1 Corintios 4, 6b-15

Sal 144, 17-18. 19-20. 21 

san Lucas 6, 1-5

 Algunos comentaristas señalan que san Pablo era muy celoso de las comunidades que él había fundado. Una de estas era la de Corinto, a la que dirige la carta que leemos en la misa de hoy. Sabemos que se habían dado algunas divisiones en el interior de la comunidad. No se trataba propiamente de cismas ni de personas que dejaran la fe sino de grupos que se formaban alrededor de uno u otro personaje. San Pablo es consciente de que él ha fundado esa comunidad y por eso escribe con ese tono. Los destinatarios entendían bien de qué se trataba.

En primer lugar el Apóstol se dirige a todos los arrogantes. “¿Quién te hace tan importante? ¿Tienes algo que no hayas recibido?”. En las cosas de Dios hemos de tener claro que todo nos ha sido dado. Vivimos en la fe porque Dios se ha compadecido de nosotros y nos ha otorgado su gracia. Pero, además, aquí san Pablo parece dirigirse a los que habían sido evangelizados por él y ahora se colocan por encima. Por eso contrapone a los apóstoles (entre los que se incluye) a esos nuevos líderes y señala esa lista de contraposiciones cuya finalidad era avergonzar a los lectores con el fin de que recapacitaran. Está claro que aquellos hombres que habían recibido la fe habían olvidado su origen. Quizás el Señor los había bendecido con algunos dones singulares (lenguas, profecía…), pero eso no los colocaba por encima de nadie y, mucho menos, de los apóstoles.

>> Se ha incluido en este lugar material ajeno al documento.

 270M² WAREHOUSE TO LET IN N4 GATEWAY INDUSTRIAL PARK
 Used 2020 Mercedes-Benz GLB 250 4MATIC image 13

San Pablo reivindica aún más su función señalando que, ahora que ya eran cristianos, podían encontrar muchos tutores pero que sólo él los ha engendrado para Cristo Jesús. En esa afirmación no se recoge sólo una llamada sobre la historia de los corintios y su entrada en la Iglesia sino que se señala otro aspecto fundamental. En nuestro caminar como cristianos podemos, a lo largo de nuestra vida, encontrar personas, doctrinas o experiencias en las que apoyarnos en un momento dado. Algunas de ellas pueden ser muy singulares y suponer un fuerte impacto en nosotros, pero nunca pueden hacernos perder de vista la primacía de Jesucristo y de la Iglesia.

San Pablo no es un maestro más que puede ponerse al nivel de otros. Él es un Apóstol. En el orden de la salvación y en la organización de la Iglesia juega un papel singular. No todo es igual. Nosotros no podemos dejar de reconocer esa jerarquía de verdades y bienes con la que Dios sale a nuestro encuentro. Un maestro espiritual o un líder o director nunca está al nivel del Magisterio ni del Evangelio. Es más, él mismo debe reconocerse sujeto a la Iglesia y heredero de una tradición. La fe que predica antes le ha sido regalada a él.

Que María, la primera discípula del Señor, nos acompañe en el camino de la vida cristiana para que siempre sepamos reconocer la voz de Jesucristo y seamos capaces de seguirla.